Chris Bertram 10.10.08 at 1:39 pm

#20 but isn’t BDL to OK as sidewalk is to pavement?

25

psychology grad student 10.10.08 at 1:49 pm

Here is what I wonder. So Chris is making this essentially psychological claim about what is driving these philosophers’ moral beliefs. But suppose that beliefs about global justice were uniformly distributed amongst philosophers (some had more radical views, others more in line with what Betram’s characterization of Rawls etc.) In that case, then, what’s driving his argument is a kind of confirmation bias.. he’s only considering the political philosophers who have this set of beliefs without considering all the Anglo-Americans (such as perhaps himself) that may not share them. What would be so special about some minority of philosophers coming out in favor of partial parochialism?
On the other hand, he may be making a claim that these philosophers are putting their ideas in with what most laypeople tend to think, and thus one can see their limited globalism as in sync with how people typically form their moral sentiments.. Taken that way, it is an interesting psychological claim, that there is almost a process of anchoring and adjustment (you anchor on your narrow emotion-driven beliefs) and cognitively adjust away from them until you find a comfortable middle ground.

26

Rob 10.10.08 at 2:21 pm

Say one had a really strongly communitarian view about justice, a kind of uber-David Miller. One might then think that it is perfectly understandable that all these liberal intellectuals, lacking deep roots in the societies which they live in, would think that the content of obligations of justice did not depend on context: after all, they would want to rationalise their failure to engage in and support the morally valuable life of their communities by undermining the thought that it is morally valuable. Ad Hominem arguments of this sort don’t seem to me to get you anywhere.
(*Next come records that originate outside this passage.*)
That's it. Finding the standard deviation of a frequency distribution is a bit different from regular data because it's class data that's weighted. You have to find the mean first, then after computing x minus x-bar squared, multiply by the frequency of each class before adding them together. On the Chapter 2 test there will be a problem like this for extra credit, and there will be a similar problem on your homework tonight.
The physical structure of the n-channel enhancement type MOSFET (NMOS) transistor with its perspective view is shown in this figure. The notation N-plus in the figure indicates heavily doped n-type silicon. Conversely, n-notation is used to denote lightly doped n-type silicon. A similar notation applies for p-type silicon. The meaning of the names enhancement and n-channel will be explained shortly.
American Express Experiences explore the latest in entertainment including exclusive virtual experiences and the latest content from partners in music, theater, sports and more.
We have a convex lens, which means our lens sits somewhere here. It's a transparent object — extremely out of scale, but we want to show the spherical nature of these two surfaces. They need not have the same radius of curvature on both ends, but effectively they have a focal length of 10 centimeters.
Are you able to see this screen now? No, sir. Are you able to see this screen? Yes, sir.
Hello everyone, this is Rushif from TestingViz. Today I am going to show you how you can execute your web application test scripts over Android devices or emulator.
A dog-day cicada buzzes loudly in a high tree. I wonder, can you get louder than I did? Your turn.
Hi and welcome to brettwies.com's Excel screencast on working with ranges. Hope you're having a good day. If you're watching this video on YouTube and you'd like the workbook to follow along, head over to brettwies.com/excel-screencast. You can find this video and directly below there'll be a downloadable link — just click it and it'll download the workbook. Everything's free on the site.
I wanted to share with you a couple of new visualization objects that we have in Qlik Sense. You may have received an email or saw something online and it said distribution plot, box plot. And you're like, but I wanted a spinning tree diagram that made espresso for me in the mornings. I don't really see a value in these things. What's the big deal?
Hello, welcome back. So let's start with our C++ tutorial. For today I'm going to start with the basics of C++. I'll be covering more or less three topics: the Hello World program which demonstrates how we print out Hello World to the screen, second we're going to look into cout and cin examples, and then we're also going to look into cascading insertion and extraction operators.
Also, I think it is substantially wrong to characterise the liberal political theorists Chris mentions as making an appeal to patriotism. The appeal rather seems to be to a claim about the significance of sharing a political system with one’s fellow citizens, and not with non-citizens. Michael Blake, Sam Freeman and even Nagel are appealing not to shared ethno-cultural or even historical traits, but to the fact of living under a massively coercive state apparatus. I don’t need to have the same patria as someone to share a basic structure with them, and may indeed feel considerably personally or culturally closer to people whom I do not share a basic structure with. Because of that, I think even the language of partiality is out of place here: this isn’t about personal – or at least personal in the sense of private – relationships for them.

27

Chris Bertram 10.10.08 at 2:39 pm

#26 point (in 2nd para) taken Rob. I could certainly have expressed myself more clearly, but I’m not sure it weakens the basic idea. I did write about the “varied and ingenious arguments” deployed to reach a conclusion, and the conclusion that I had in mind was that strong distributive justice duties hold among co-citizens (and there are only weaker duties of assistance to outsiders).

28

Chris Armstrong 10.10.08 at 3:10 pm

I think that part of what may create this suspicion – leaving to one side for now whether it is justified or not – is the way the literature works. Step 1. X (let’s say Nagel, for now) produces an argument which he thinks delivers the conclusion that equality should be restricted to co-citizens, given certain empirical facts. Step 2. That conclusion is refuted (not necessarily the argument) by Y. Step 3. Someone (X2) then realises that you can fine-tune the argument so that, when empirical facts about the world get fed in, you produce Nagel’s original conclusion. Step 4, 5 etc… repeat the last two steps indefinitely. The holy grail (or a publication in Philosophy and Public Affairs) goes to the person who can produce the best argument for the normative peculiarity of the state. And continual work is available for the Ys of the world – including myself.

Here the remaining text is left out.